> [TASK OBJECTIVE] The pictures in the listing below are to be skipped, while the lines between the line holding "KOCIOŁEK ŻELIWNY MYŚLIWSKI" and the line holding "Swivel Barrel Chair, Comfy", inclusive, are to be output exactly.

> [THE DATA]

Start of Block

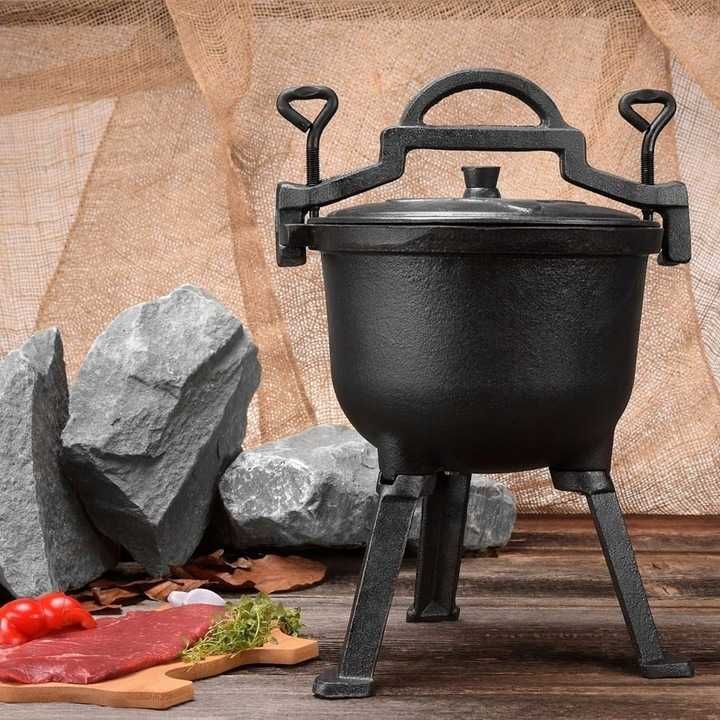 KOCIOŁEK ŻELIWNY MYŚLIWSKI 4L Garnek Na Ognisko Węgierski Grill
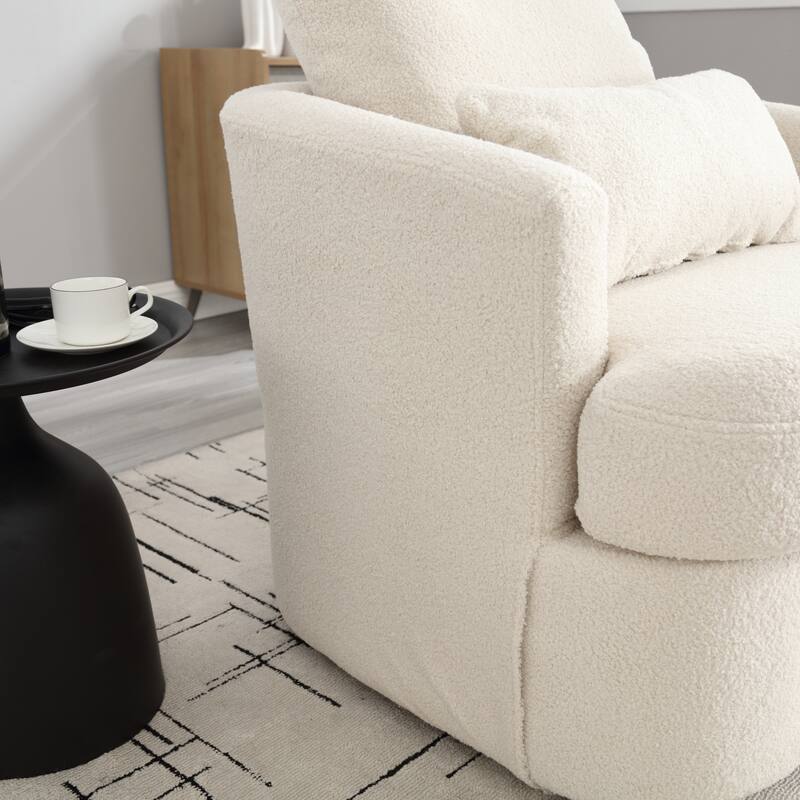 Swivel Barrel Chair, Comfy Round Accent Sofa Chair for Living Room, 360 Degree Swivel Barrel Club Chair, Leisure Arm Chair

End of Block
Start of Block

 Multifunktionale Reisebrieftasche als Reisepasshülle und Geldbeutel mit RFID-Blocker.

End of Block

> [EXERCISE SOLUTION]
 KOCIOŁEK ŻELIWNY MYŚLIWSKI 4L Garnek Na Ognisko Węgierski Grill
 Swivel Barrel Chair, Comfy Round Accent Sofa Chair for Living Room, 360 Degree Swivel Barrel Club Chair, Leisure Arm Chair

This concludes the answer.